South Surrey teen Malcolm Gendall, who has Down Syndrome, knows a thing or two about dedication

Malcolm Gendall’s eyes sparkle as he excitedly talks about his workout routine.

“Biceps,” he says smiling, “biceps are my favourite.”

Malcolm is a 17-year-old Special Olympian from South Surrey who has Down Syndrome. He was recently awarded for breaking two B.C. records in powerlifting.

“I felt really great, really proud of myself and proud of my body,” he says of his achievements.

The Grade 12 student at Earl Marriott Secondary began powerlifting and training on his own about three years ago.

He was entirely self-taught, spending hours watching videos on his phone and mapping out runs in his South Surrey neighbourhood, until last year when he joined Special Olympics BC powerlifting.

Malcolm’s record-setting performances were achieved at his second-ever tournament, the British Columbia Powerlifting Association provincials (BCPA), held on June 26, 2016 in Langley.

“That morning I had to get up so early. I couldn’t even have breakfast. I thought, ‘That’s going to kill me like a lot,’ but I persevered,” Malcolm recalled of his efforts to get into a certain weight class. “I went to the competition and did my weigh-in, and after my weigh-in that morning I could actually eat and drink coffee.”

He powered through, achieving two BCPA records – 75 kilogram Bench Press and 110 kilogram Dead Lift – in the Sub-Junior Men’s Unequipped 59 kilogram division.

Though at the time, he didn’t know his performances were record-breaking. His father did some research and made the discovery. The family applied to the BCPA to get it recognized and just shy of a year later, it was approved and Malcolm was recently given his certificates.

“It felt really awesome,” says Malcolm.

Mom Janet chuckles as she recalls how Malcolm had a ball or a stick in his hand from the minute he could walk.

“Tennis was a big thing, I would put him on a couch or a bed throw the ball at him and he’d hit it back. We progressed to our garage, then that went further up the drive and eventually I took him to a court and he must have been only three or four at that time. When we got to Canada he was six and I started him in tennis. He’s done very well in all sports, but this one is his own endeavour, totally his own.

“He’s always been a very outgoing little fella, always very friendly, always good at sports,” adds Janet.

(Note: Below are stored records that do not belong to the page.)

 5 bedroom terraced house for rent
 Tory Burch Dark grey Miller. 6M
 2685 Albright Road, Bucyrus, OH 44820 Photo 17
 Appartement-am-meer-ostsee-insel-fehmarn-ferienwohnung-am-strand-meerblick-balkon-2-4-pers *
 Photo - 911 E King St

“I started when he was tiny, throwing balls. Then it went onto golf clubs and rackets. He’s always had a ball or a stick in his hand because I figured the more he could do the better it would be for him. I had no real help, he was born in Ecuador, so I did basically all his early intervention myself and I focused on sports and swimming and running and everything outdoors.

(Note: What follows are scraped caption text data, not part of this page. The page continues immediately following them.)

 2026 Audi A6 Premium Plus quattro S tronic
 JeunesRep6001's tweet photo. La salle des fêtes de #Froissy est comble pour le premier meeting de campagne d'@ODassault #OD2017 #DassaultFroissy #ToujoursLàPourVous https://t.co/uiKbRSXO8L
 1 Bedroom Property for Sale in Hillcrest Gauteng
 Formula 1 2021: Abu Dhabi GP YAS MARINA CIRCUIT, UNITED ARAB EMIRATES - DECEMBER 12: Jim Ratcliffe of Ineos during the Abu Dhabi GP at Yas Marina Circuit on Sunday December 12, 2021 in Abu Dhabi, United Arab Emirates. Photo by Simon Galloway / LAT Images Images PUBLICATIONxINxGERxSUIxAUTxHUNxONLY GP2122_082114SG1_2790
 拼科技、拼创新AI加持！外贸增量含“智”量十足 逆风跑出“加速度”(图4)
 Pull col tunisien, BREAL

“He’s got very good hand-eye co-ordination… Basically he can hold his own with anything.”

Malcolm describes his strict training regimen.

“Basically I do four workouts and four runs on the weekend. And on school days, two times before dinner after school right away,” he says.

“I was on an intense diet,” Malcolm adds, “but I kind of slipped down, but I’m going to get back on track.”

Asked if he’d like to demonstrate some exercises, Malcolm jumps up.

“Yes, actually I do, yes,” he replies. “I’ll show you the bench press and I’ll show you some arms.”

Malcolm now has his sights set on the 2017 Special Olympics BC Summer Games in Kamloops, where he’s qualified for powerlifting.

“Yes, totally yes,” he said about his plans to continue bodybuilding, adding he may soon begin training a friend of his to compete.

“I literally can’t stop doing it. I do it over and over and over again. Until I get sick of it then I do it some more.”

Malcolm has this advice for anyone who dreams of getting into powerlifting: “I encourage anyone who is watching right now to go home, get in the gym, workout and just get bigger and bigger and bigger, all day, everyday. Keep going.

“If you have goals, reach for it.”

Outside of sports, Malcolm works at a South Surrey McDonalds and is about to graduate high school. And he recently moved into his parents’ basement, where he plans to pay rent.

“I am independent, I work completely hard.”